Bombing survivors and family members of victims had until Monday to return one-page forms sent out by the government, gauging their desire to witness McVeigh's scheduled May 16 execution at the federal prison in Terre Haute, Ind.
Officials would not have numbers on how many people wanted to witness the execution until Tuesday, U.S. attorney's office spokesman Joe Heaton said.
"We're still counting," he said.
The government sent out 1,100 letters, but there are only eight seats open for victims to witness the execution.

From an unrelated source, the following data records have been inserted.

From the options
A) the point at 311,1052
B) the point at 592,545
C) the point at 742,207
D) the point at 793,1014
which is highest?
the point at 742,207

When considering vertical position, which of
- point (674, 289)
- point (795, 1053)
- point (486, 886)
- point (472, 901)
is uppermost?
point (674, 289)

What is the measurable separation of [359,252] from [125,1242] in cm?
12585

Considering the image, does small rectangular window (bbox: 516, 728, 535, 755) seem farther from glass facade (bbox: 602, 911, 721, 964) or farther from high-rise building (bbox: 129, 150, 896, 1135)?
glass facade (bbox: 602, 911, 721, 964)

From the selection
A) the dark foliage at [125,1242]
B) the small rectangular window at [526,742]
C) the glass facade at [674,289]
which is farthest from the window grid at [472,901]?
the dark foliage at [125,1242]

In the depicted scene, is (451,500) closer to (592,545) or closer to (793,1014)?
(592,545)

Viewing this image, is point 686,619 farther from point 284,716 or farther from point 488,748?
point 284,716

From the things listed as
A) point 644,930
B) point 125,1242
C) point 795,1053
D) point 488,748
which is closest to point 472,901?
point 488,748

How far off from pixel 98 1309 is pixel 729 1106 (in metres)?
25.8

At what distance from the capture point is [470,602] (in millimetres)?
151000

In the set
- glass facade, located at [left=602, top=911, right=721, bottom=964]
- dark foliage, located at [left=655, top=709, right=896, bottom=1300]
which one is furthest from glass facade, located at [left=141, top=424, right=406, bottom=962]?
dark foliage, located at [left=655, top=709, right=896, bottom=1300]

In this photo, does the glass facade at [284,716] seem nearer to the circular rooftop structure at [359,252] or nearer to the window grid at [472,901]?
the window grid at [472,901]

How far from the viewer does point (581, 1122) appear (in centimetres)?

Dan Dunne, a spokesman for the Federal Bureau of Prisons, said officials were considering several options to accommodate all those requesting to witness the execution, including a possible closed-circuit television broadcast of McVeigh's execution.
Dunne said Monday that there was no time frame on when a decision on the matter might be made.
"I can just say we've been working on what the various options are," Dunne said. "We haven't really ruled out any options, but we just haven't gotten into any specifics."
McVeigh, who dropped all his appeals in December, has until Feb.
16 to ask the president to commute or reduce his death sentence.
Otherwise, he would be set to receive a lethal injection and become the first federal prisoner executed in 37 years.
McVeigh was convicted of the April 19, 1995, attack on the Alfred P. Murrah Building in Oklahoma City, which left 168 people dead and more than 500 injured.